The hike took us through the mountains along the coast, sometimes up stairs that seemed impossible to climb. The hike sometimes took two hours just from one village to another, and felt like the most intense Stairmaster of my life. Four days later, my legs have still to recover from the strain I put them through in Cinque Terre. But I can say, without a shadow of a doubt, that hiking Cinque Terre was one of the best experiences of my life, and one that I will never forget, no matter how bad my calves ache days later.
We took a train from the city of Levanto and arrived in Riomaggiore, the first city in Cinque Terre. We purchased our tickets to allow us to enter into the Cinque Terre park, and then decided to get a little food before heading out on our (presumably easy) adventure. At a restaurant sitting on the coast, I had a fruit salad called macedonia, which was easily the best fruit salad I have ever, ever had.
Riomaggiore is one of the smaller fishing villages, located right on the rocky coast. But with the crystal clear water below and the boats pulled in by the shore, it made for a beautiful view from our restaurant.
After eating, we left our little seaside restaurant and embarked along the Via dell’Amore, a road where lovers from years long past leave messages and locks along the path, intended for the person who will “hold the key to their heart.” For someone who has an inner romantic side, I found this part of the trip especially touching, just with the thought of all the people who have left messages for someone who may or may not ever see it. But their declaration of love in a really beautiful place is still a thoughtful and romantic gesture, and I couldn’t help but love everything about that part of the hike.
We arrived in Manarola around thirty minutes later by train (the path from the Riomaggiore to Manarola was closed due to a landslide), but only stayed there long enough to snap a few pictures and grab another quick bite to eat. I’m pretty positive we ate something in every town we stopped in, but it was probably for the best, considering how much energy we would need for the more intense parts of the hike to come.
We left Manarola after eating and embarked on another short hike to Corniglia, the middle of the five cities. The hike there took us around 45 minutes, but was relatively easy as it was on a flat sidewalk that wound up the side of the mountain. We essentially skirted the city, but the view from just past Corniglia showed another beautiful, colorful city that looked straight out of a picture book.
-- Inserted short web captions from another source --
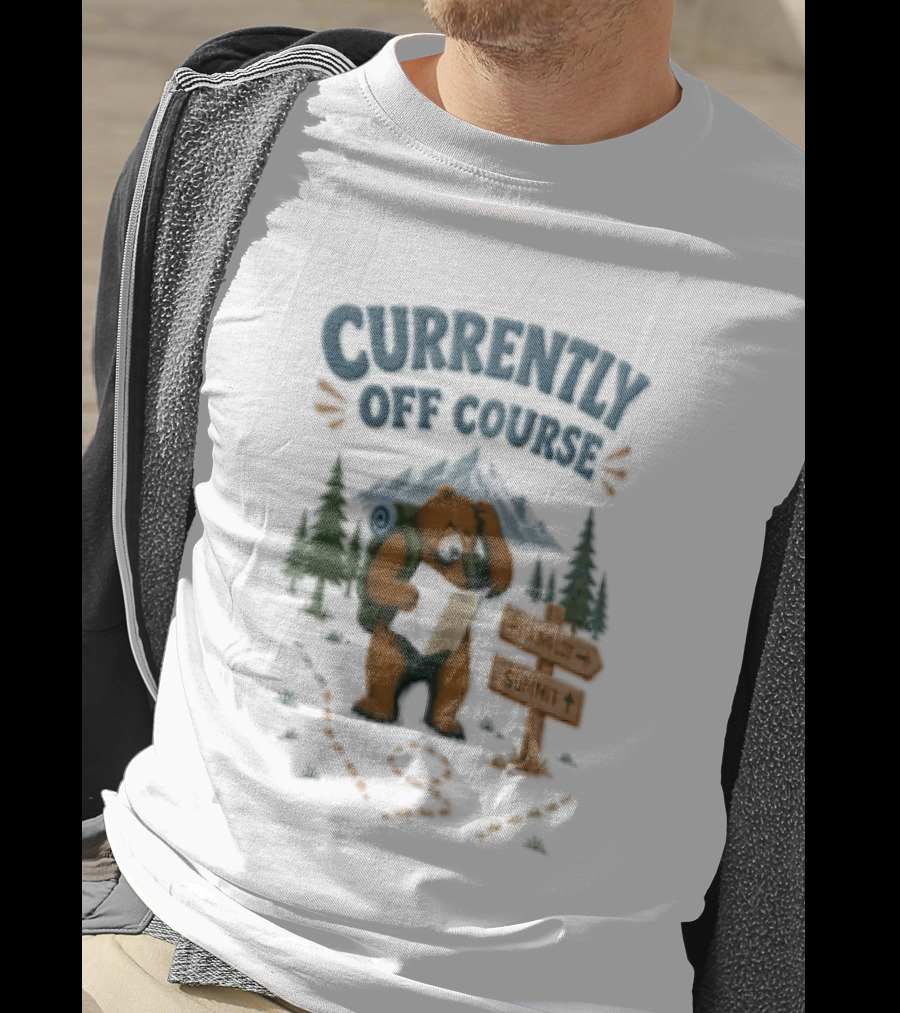 Currently Off Course Bear With Map And Signpost Adventure T-Shirt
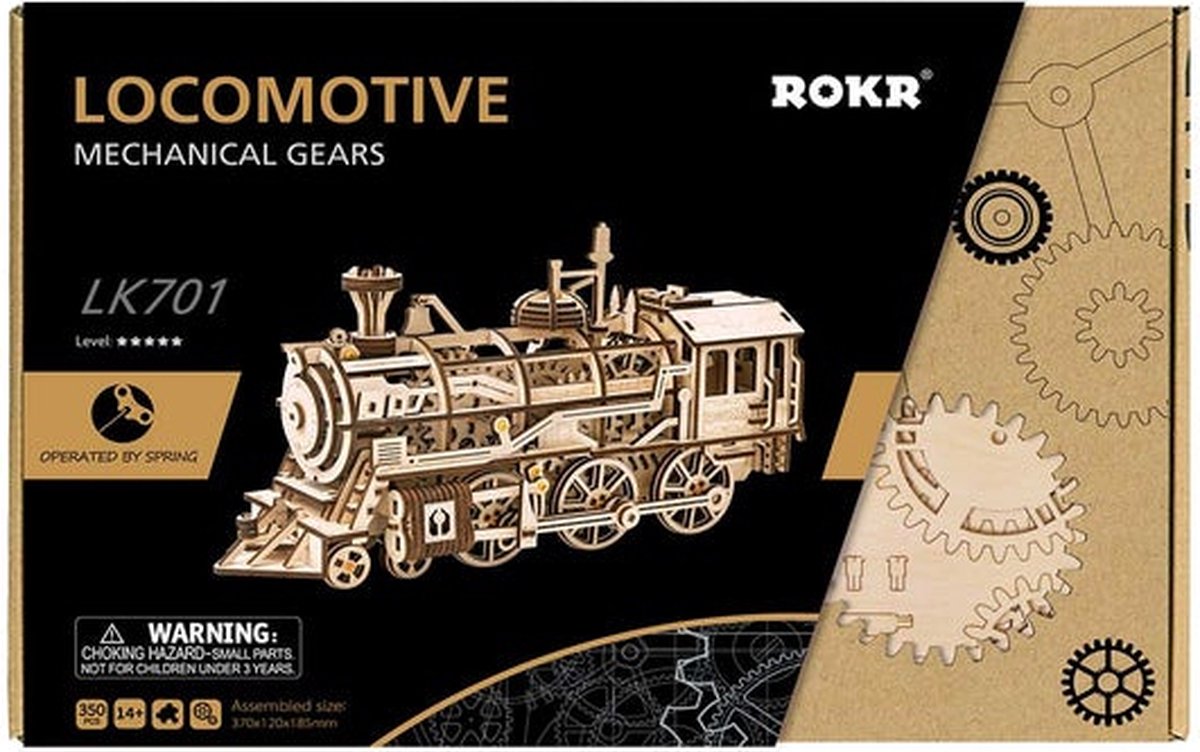Houten bouwpakket - Locomotive - 350 onderdelen - ROKR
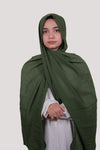 Sarazi Refined Ripple crinkle chiffon hijab in Olive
The hike from Corniglia to Vernazza was absolutely incredible, filled with breathtaking views of the sea. We climbed through the country side, and passed by homes tucked away behind small vineyards. I can’t imagine living in such a pristinely beautiful place, but that is the reality for the people of Cinque Terra. Lucky Italians.
The hike from Corniglia to Vernazza was extremely challenging, and although I wanted to collapse on the path several times, I kept going. Not only did this view reward me with some amazing views, it also showed me that I’m capable of things I never thought I’d be able to do. A two hour hike literally up the side of the mountain? Before this trip, I didn’t think I could do something so strenuous, but I was very proud of myself for what I’d already accomplished. So proud, in fact, that I treated myself to gelato as soon as we arrived in Vernazza.
Vernazza was my favorite city out of all the five villages, as it was the most colorful and full of life. The beach comes right up to the edge of the city, and people were relaxing by the sea or laying on the beach, just enjoying the late afternoon sun.
I think we all could have sat in Vernazza for the rest of the day, but the city of Monterosso kept calling our names. So we sat and enjoyed our gelato in Vernazza, and then embarked on the last leg of the hike.
I’ve got to say, the last leg of the hike was both the best and worst part of the trip. We were all so exhausted, but we were so close to being done. It was only the determination to finish the hike and the ability to say that we hiked all five villages that got us through that last portion. The best parts were the friends we met along the way, including a few fellow American college students and a two very friendly boys, one from Alaska and one from Australia, who hiked with us the rest of the way. And the views leaving Vernazza weren’t bad either.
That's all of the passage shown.